Le sens des mots. Mémoire, un exercice mental mais aussi politique
Tout l'été sur franceinfo, Marina Cabiten et la sémiologue Mariette Darrigrand s’arrêtent sur les termes qui ont marqué l’actualité de l’année écoulée. Aujourd'hui, le mot "mémoire".
Du général de Gaulle à la libération d’Auschwitz, la mémoire est très présente, encore cette année, dans la politique d’Emmanuel Macron. Mémoire, un mot cher au président de la République depuis le début de son mandat, on repense à son itinérance mémorielle en 2018.
franceinfo : Mariette Darrigrand, vous êtes sémiologue spécialisée dans l'analyse du discours médiatique et dirigeante du cabinet Des faits et des signes. La politique mémorielle est récente, elle s’est développée au début des années 90 avec les premières lois dites mémorielles, c’est-à-dire en faveur du devoir de mémoire. Mais le mot mémoire lui est l’un des plus anciens.
Mariette Darrigrand : On a des traces d’une racine indo-, archéologique, -men-, qui en latin donne le mot "mens", l’esprit, le mental… La "mémoire" vient de là via la forme verbale memini : je me souviens, je fais un effort mental… De même avec l’anglais "mind", esprit : la mémoire c’est notre esprit quand il fait un travail de réminiscence. Il ramène dans le présent des éléments qui étaient enfouis, que ce soit pour des raisons volontaires ou non.
Mais la mémoire n’est pas qu’individuelle, elle a aussi une forte dimension collective et c’est de cette mémoire que s’empare le politique. "Commémorer" veut d’ailleurs dire mettre nos mémoires ensemble. Quant au “devoir de mémoire”, c’est encore autre chose.
Oui car cette expression instaure une obligation morale de se souvenir d’un événement très sombre, pour ne pas le laisser se reproduire. La mémoire est donc ici très affective mais également subjective puisque l’on porte un jugement sur ces moments passés.
D’ailleurs depuis que l’expression “devoir de mémoire” est devenue courante, les historiens mettent en garde : mémoire et histoire ne sont pas synonymes.
Ce que vous dites me fait penser à la muse de la mémoire, nommée Mnémosyne.
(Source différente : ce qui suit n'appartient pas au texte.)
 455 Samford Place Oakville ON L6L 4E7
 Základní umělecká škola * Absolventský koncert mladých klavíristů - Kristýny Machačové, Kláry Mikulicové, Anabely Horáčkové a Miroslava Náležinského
Elle savait non seulement se souvenir mais aussi raconter des histoires pour laisser des traces, non pas en mentant mais en faisant marcher son mental pour ne pas oublier certains faits. Vue à cette source, la mémoire apparaît comme à la fois le souvenir de ce qui s’est passé, mais aussi une construction a posteriori. D’ailleurs dans l’Antiquité où n’existait ni Power Point ni vidéoprojecteurs, les tribuns, genre Jules César, pour se rappeler leurs discours, se les figuraient mentalement comme des maisons : chaque phrase était un mur ou une porte, chaque paragraphe un étage, etc. On appelait cela les arts de la mémoire.